Dann bin ich so frei«, meinte Agatha Simpson und langte mit beiden Händen zu, die man auf keinen Fall als damenhaft klein bezeichnen konnte. Die ältere Dame schüttelte die Mandeln durcheinander, nachdem sie den Klemmgriff des Mannes spielend leicht gelöst hatte und versorgte sich mit gebrannten Mandeln. Sehr liebenswürdig«, säuselte sie und nickte freundlich. »Ich wußte doch gleich, mit wem ich es zu tun habe.«
Sie hatte fünf Mandeln erbeutet, winkte dem völlig verdutzten Mann zu und entschwand. Agatha Simpson war eine große, majestätisch wirkende Dame, die das sechzigste Lebensjahr längst überschritten hatte. Sie verfügte über die ansehnliche Fülle einer Wagner-Walküre aus früheren Zeiten und trug ein eindeutig zu weites Tweed-Kostüm.

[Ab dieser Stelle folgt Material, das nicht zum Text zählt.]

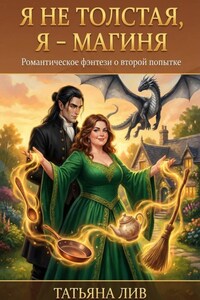 Я НЕ ТОЛСТАЯ, Я- МАГИНЯ!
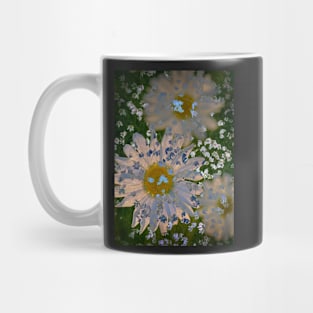 Daisy Rain Mug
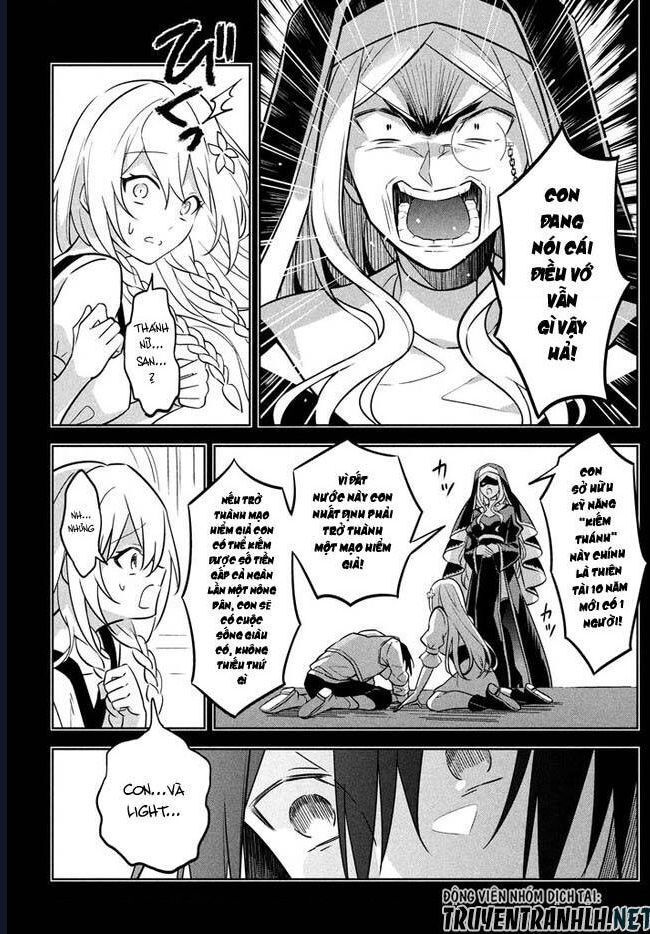 Hazure Skill Chapter 1 - 20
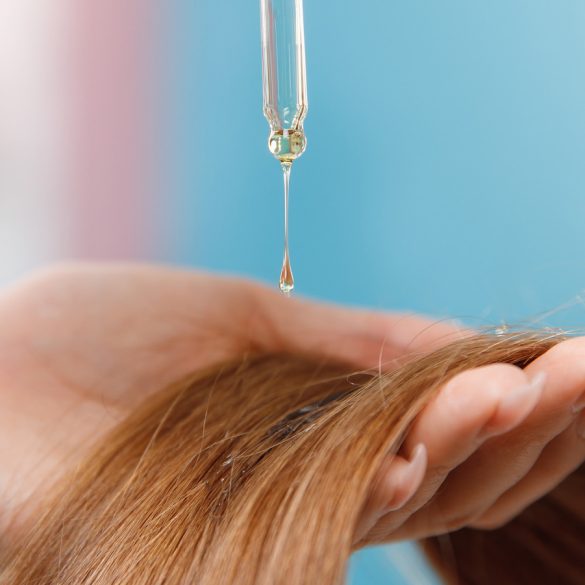 العناية بالشعر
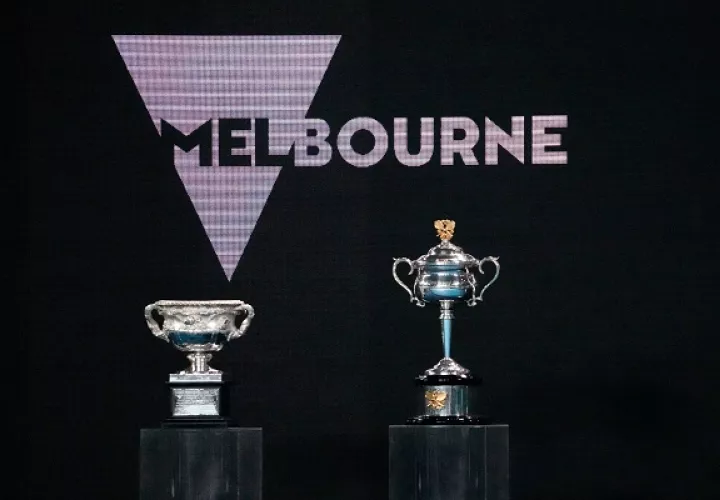 Abierto de Australia supondrá una considerable lacra en la parcela económica. Foto: @AustralianOpen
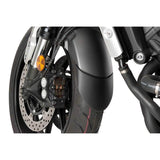 PUIG ESTENSIONE PARAFANGO ANTERIORE PER DUCATI MONSTER 1200 14-16 NERO OPACO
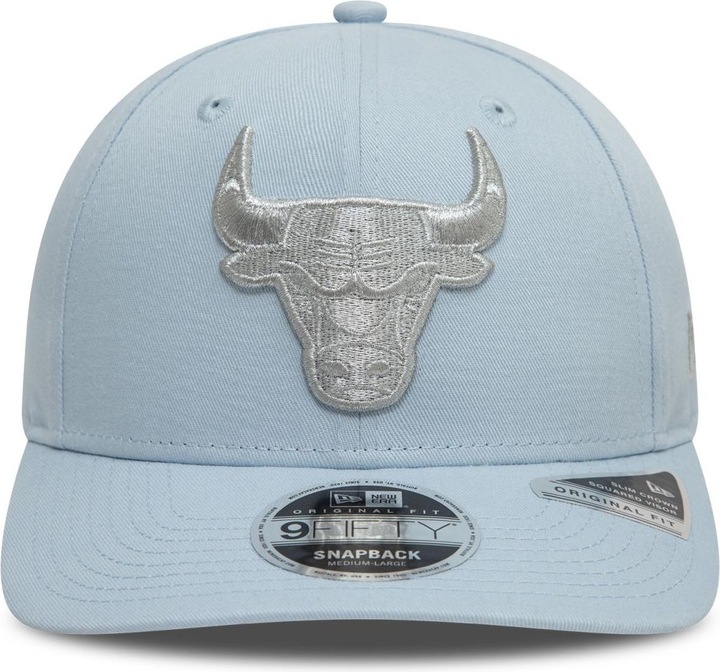Image du produit New Era 9Fifty Original Snapback Cap Chicago Bulls (M/L)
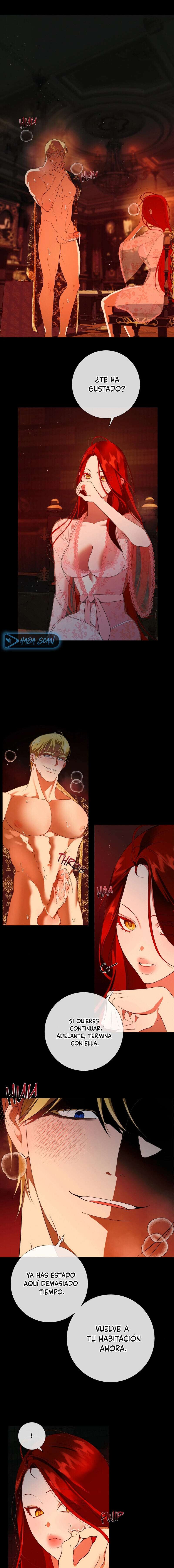 Me convertí en el primer amor de mi hijastro Capítulo 5 - Page 10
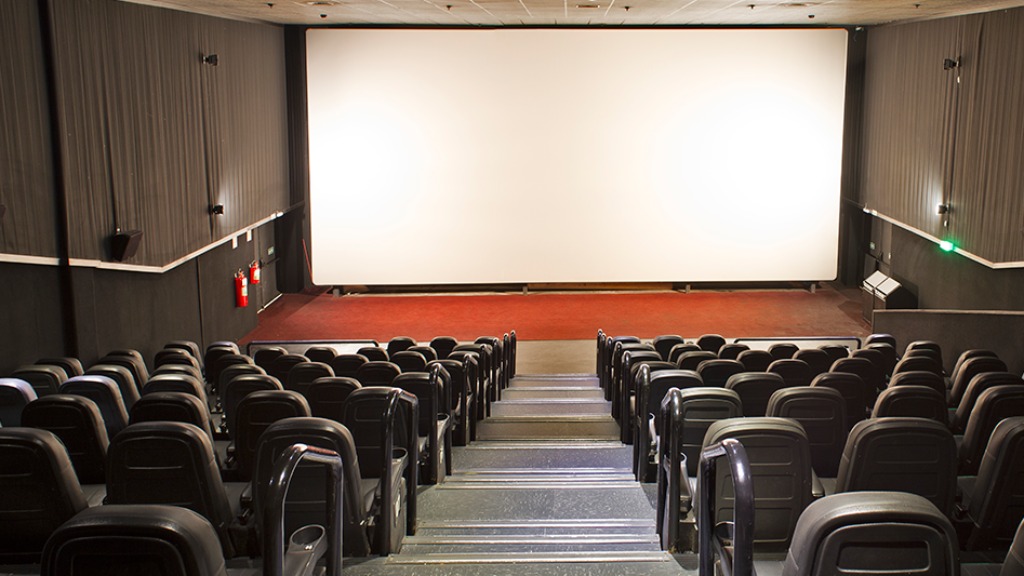 sessões cinema autistas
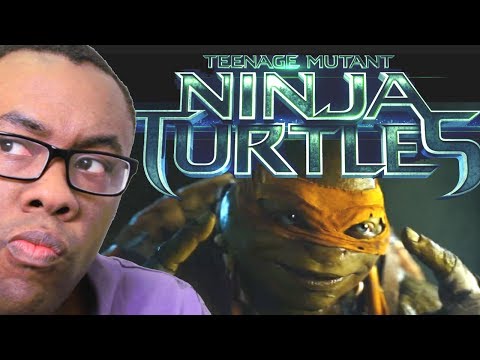 NINJA TURTLES 2014 Teaser Trailer Review : Black Nerd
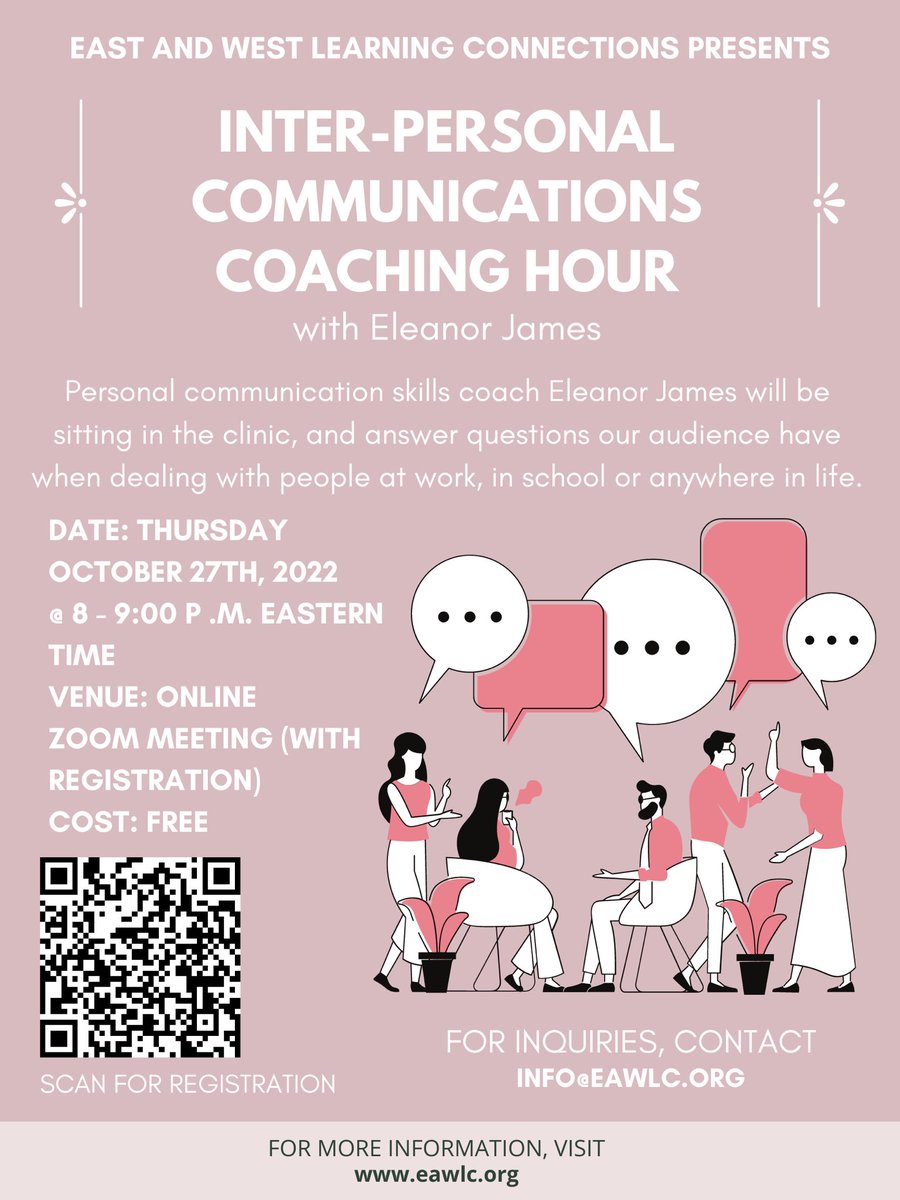 East and West Learning Connections (@east_learning) / Posts / X
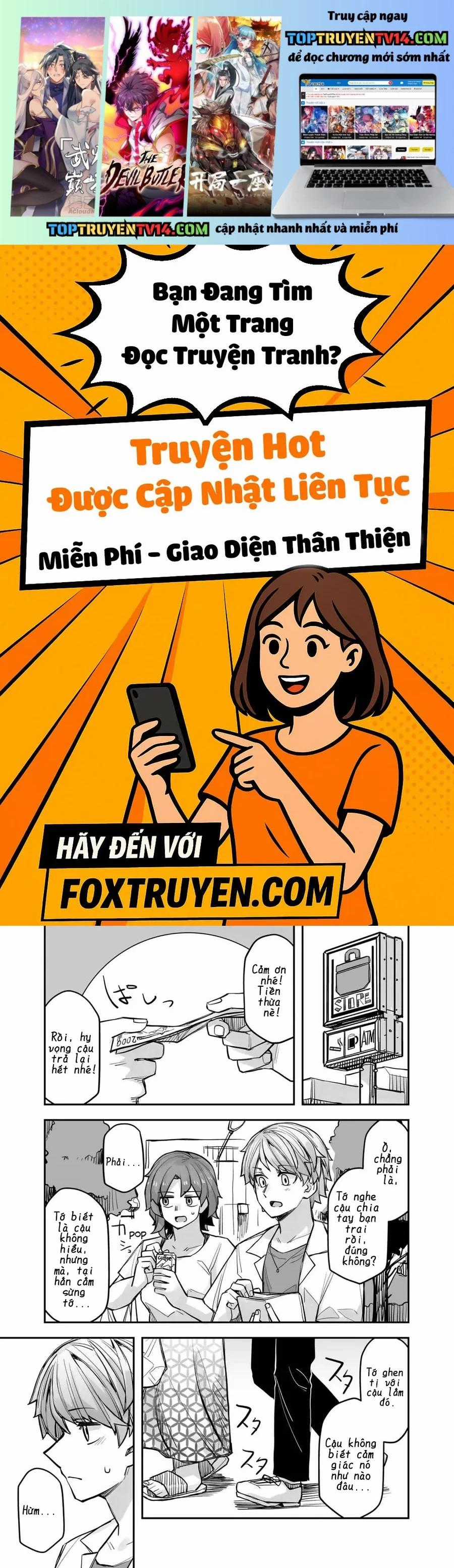 Ikemen Joshi To Josou Danshi - Chapter 96 - Trang 1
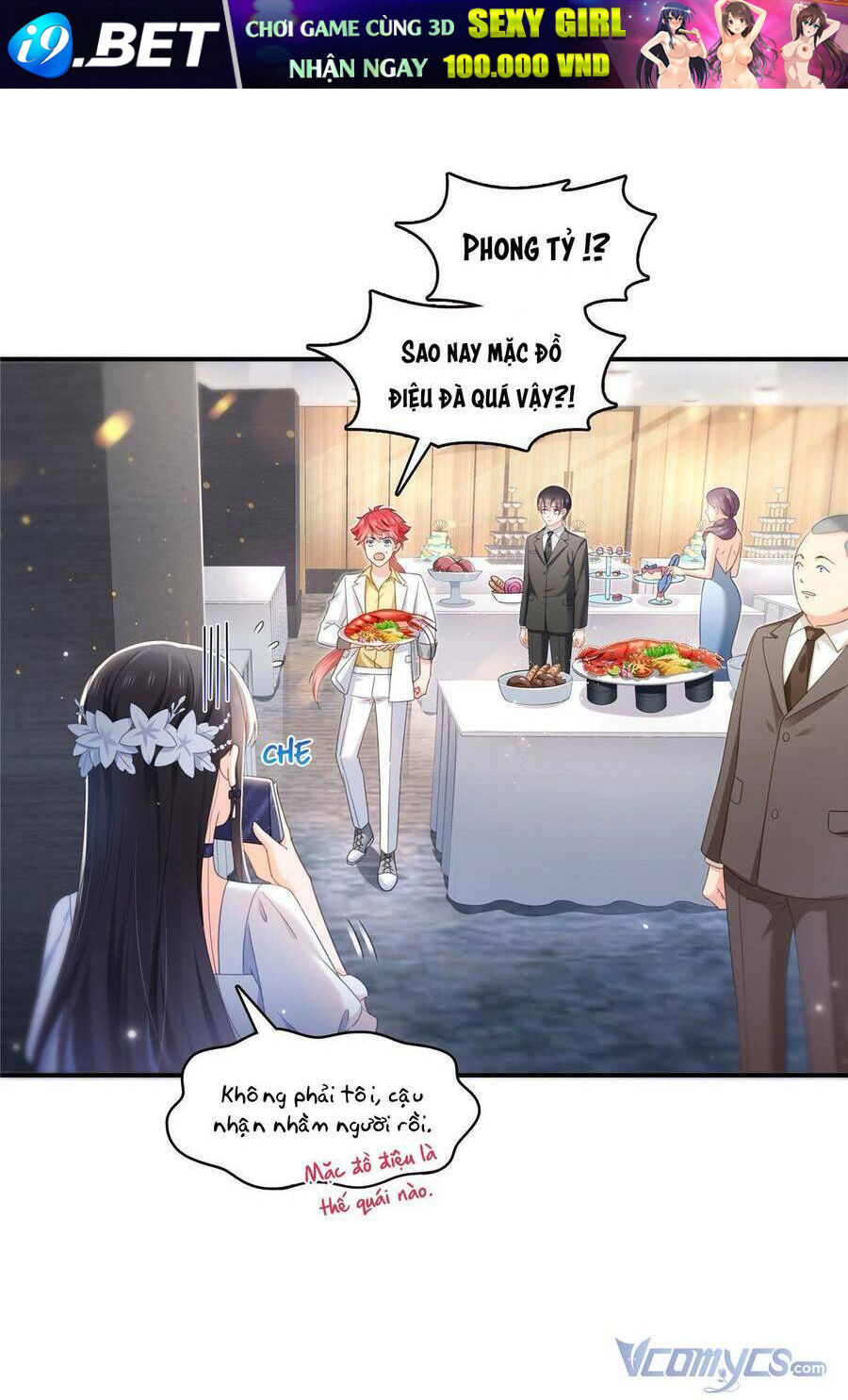 Hệt Như Hàn Quang Gặp Nắng Gắt Chapter 325 - Trang 5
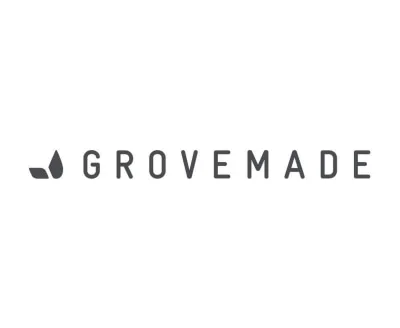 Grovemade Coupon Codes & Offers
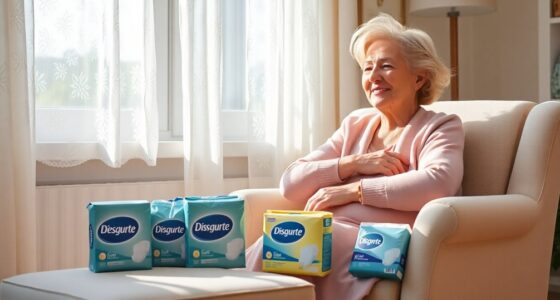 comfortable incontinence solutions elderly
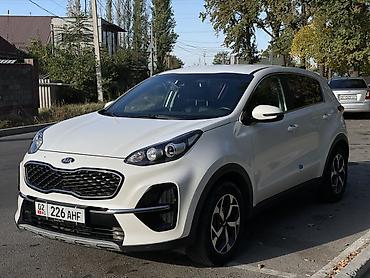 1: Kia Sportage: 2019 г., 1.6 л, Автомат, Дизель, Кроссовер — 3
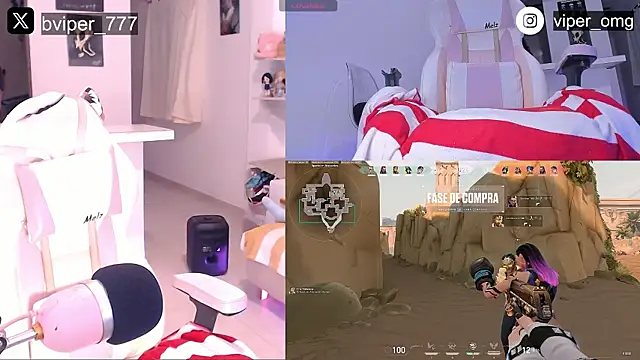 viper777  online show from November 24, 2025, 1:38 am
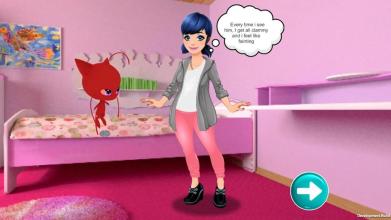 Interactive Story for ladybug - School days截图5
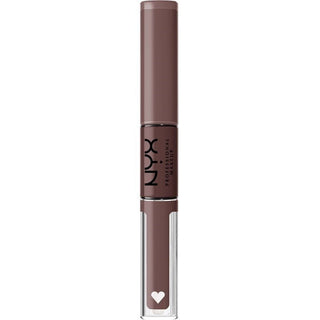 NYX PROF. MAKEUP Shine Loud Pro Pigment Lip Shine - Next-Gen Thinking - Vivid Glow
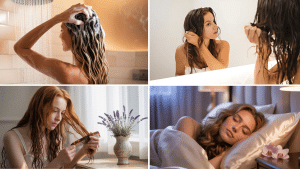 Best Hair Care Routine for 2A Hair
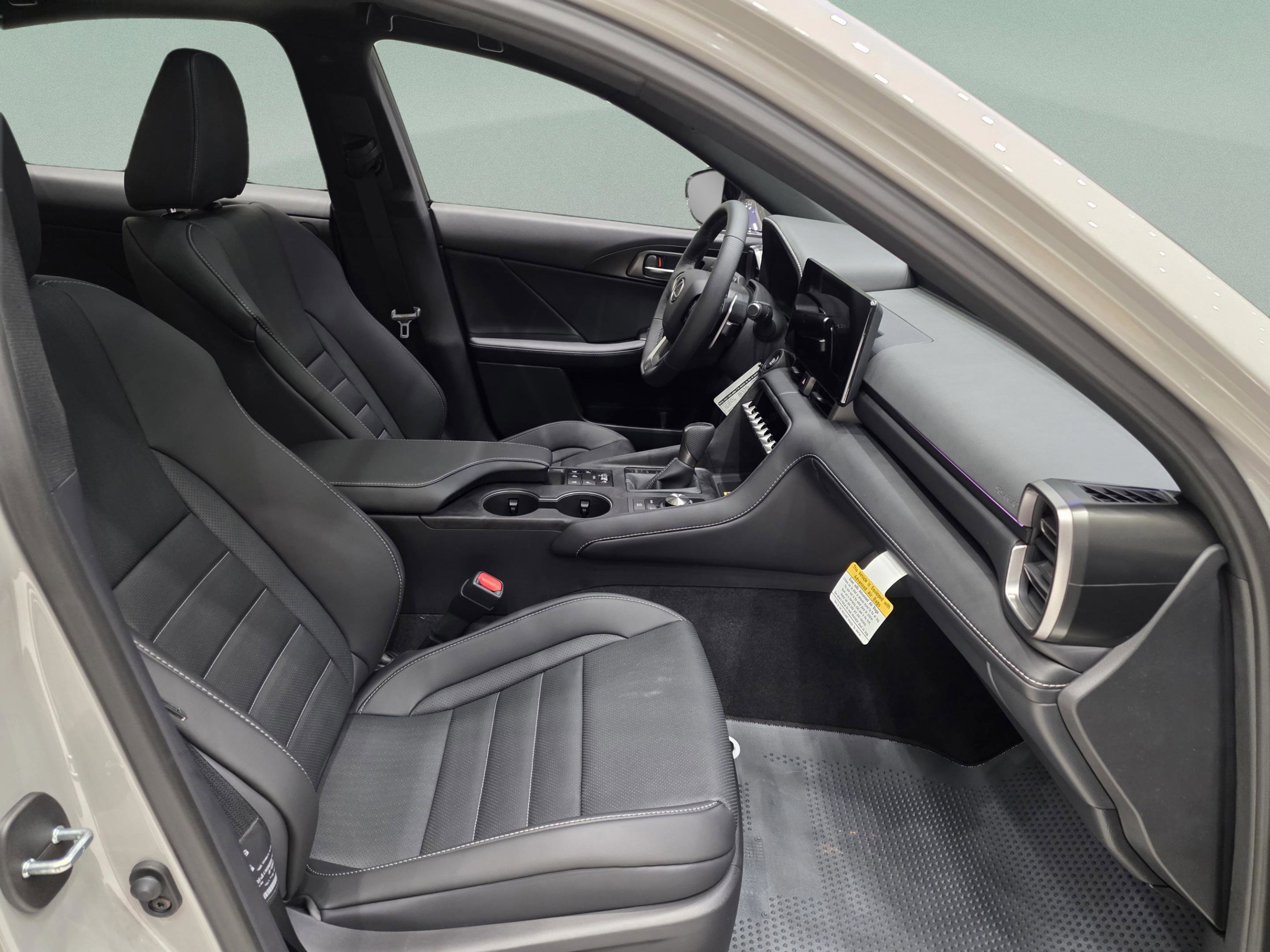 New 2026 Lexus IS 350 F Sport image 23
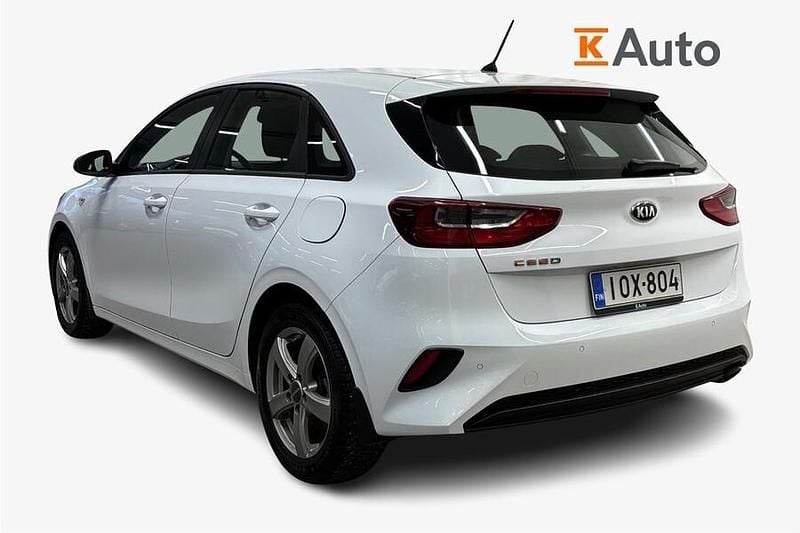 Käytetty Kia Ceed Active 140 HP (102 kW) 2020 Viistoperä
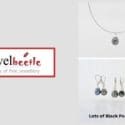 January Was The Month For Black Pearls: Jewel Beetle
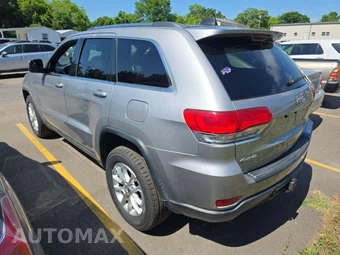 2014 Jeep Grand Cherokee Laredo - miniatura 2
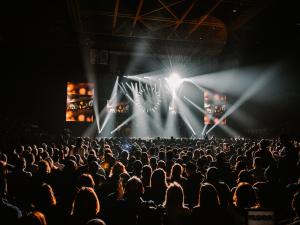 Hilliard Center Arena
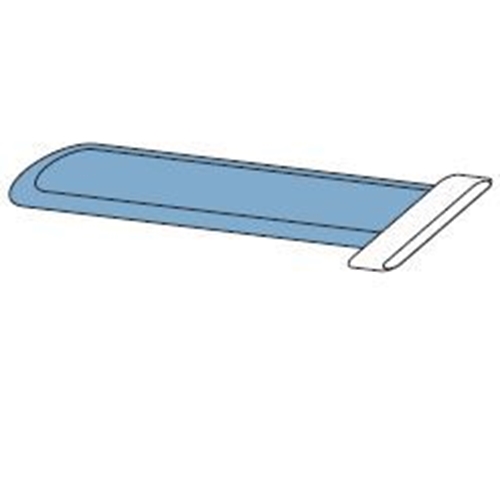 Ortopedistrumpa 2 lager Barrier – 22x75cm – 22 st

Auf ihrem Kopf saß eine Hutschöpfung, die an einen verunglückten Napfkuchen erinnerte, der imposanten und durchaus bemerkenswerten Erscheinung baumelte ein sogenannter Pompadour an langen Schnüren.
Durchaus höflich, wie Lady Agatha sein konnte, blickte sie sich noch mal nach dem Mandel-Spender um, konnte ihn zu ihrer Überraschung aber schon nicht mehr sehen. Er hatte den Tisch verlassen und sich im Gewühl der Fluggäste verloren.
Die passionierte Detektivin blieb neben einer Stellwand stehen und schob sich die erste gebrannte Mandel in den Mund. Dabei schnupperte sie genießerisch und dachte wieder an ihre Jugendzeit. Damals hatte sie wirklich keine Gelegenheit versäumt, sich auf Jahrmärkten und Festwiesen mit solchen Mandeln zu versorgen.
Ihre Zunge umspielte den harten Zuckermantel, um dann wenig später versuchsweise zum erstenmal vorsichtig zuzubeißen. Sie setzte die Mandel dem Druck ihrer Kiefer aus und suchte nach der Schwachstelle in dem eigenwilligen Konfekt, um es spalten zu können.
Als dies nicht auf Anhieb geschah, verstärkte sie den Druck der Zähne und ... fuhr zusammen, als wäre sie von einem elektrischen Schlag getroffen worden. Sie hatte das Gefühl, sich einen Backenzahn ausgebissen zu haben.